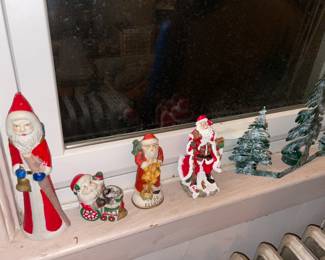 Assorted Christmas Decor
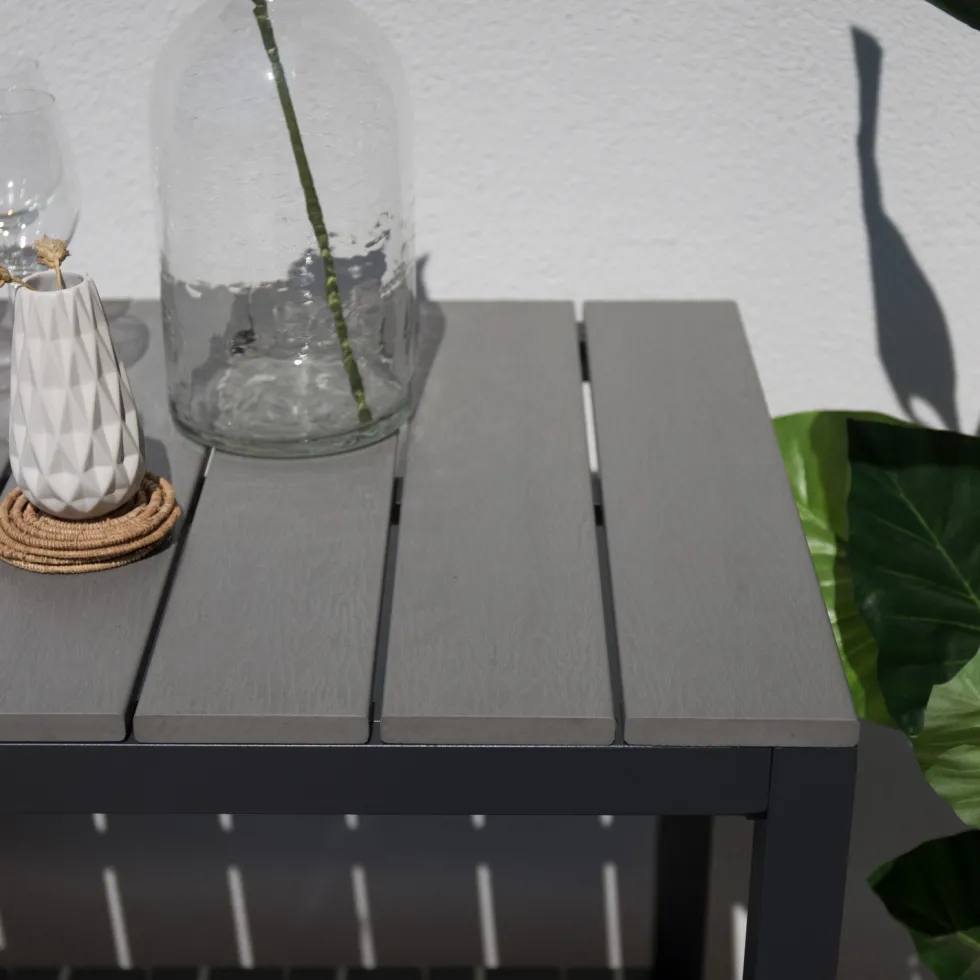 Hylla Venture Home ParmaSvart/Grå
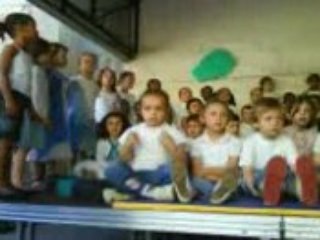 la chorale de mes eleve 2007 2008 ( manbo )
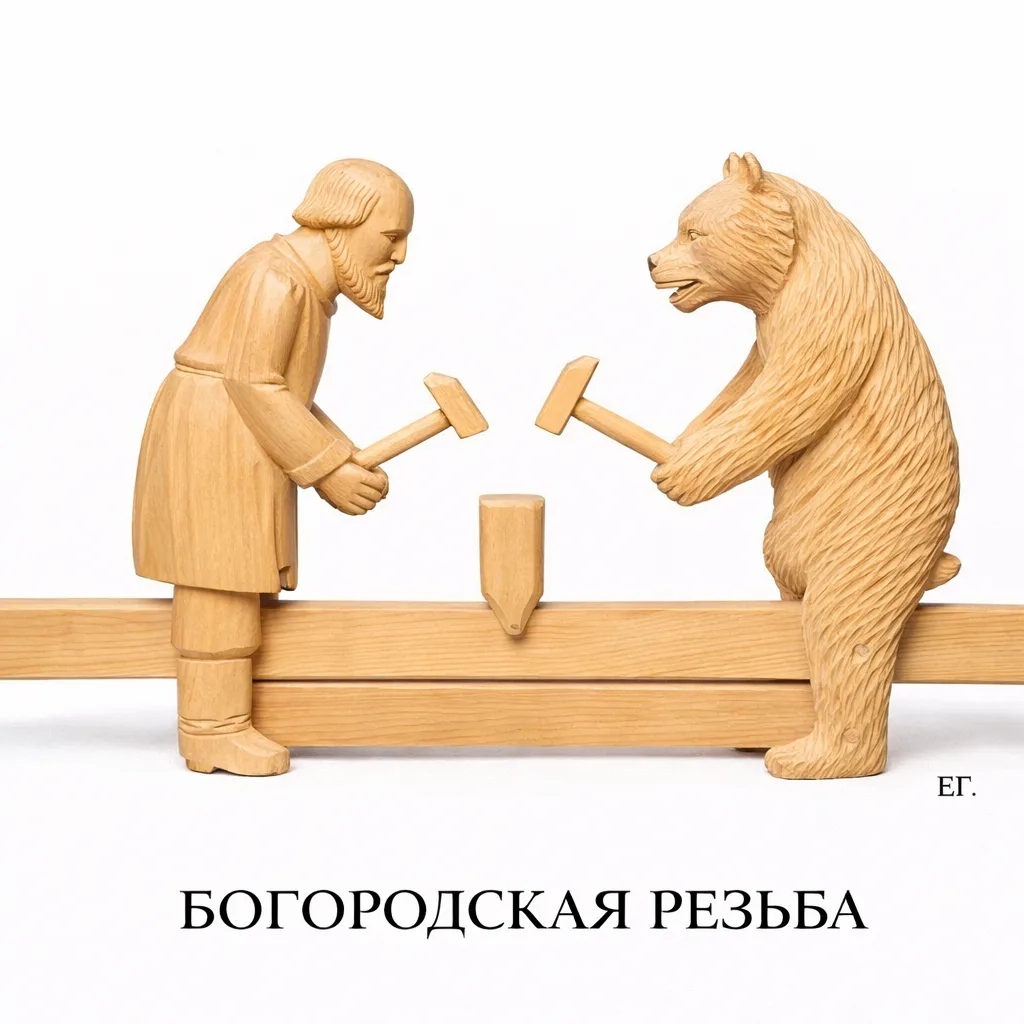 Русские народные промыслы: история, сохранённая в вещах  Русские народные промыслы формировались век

━━━━━━━━

#### Task instructions
Starting with the line that contains "la chorale de mes eleve 2007 2008 ( manbo )", reproduce every line down to the end of the listing above, both endpoints included. Pictures stay out.

#### Response to this exercise
 la chorale de mes eleve 2007 2008 ( manbo )
 Русские народные промыслы: история, сохранённая в вещах  Русские народные промыслы формировались век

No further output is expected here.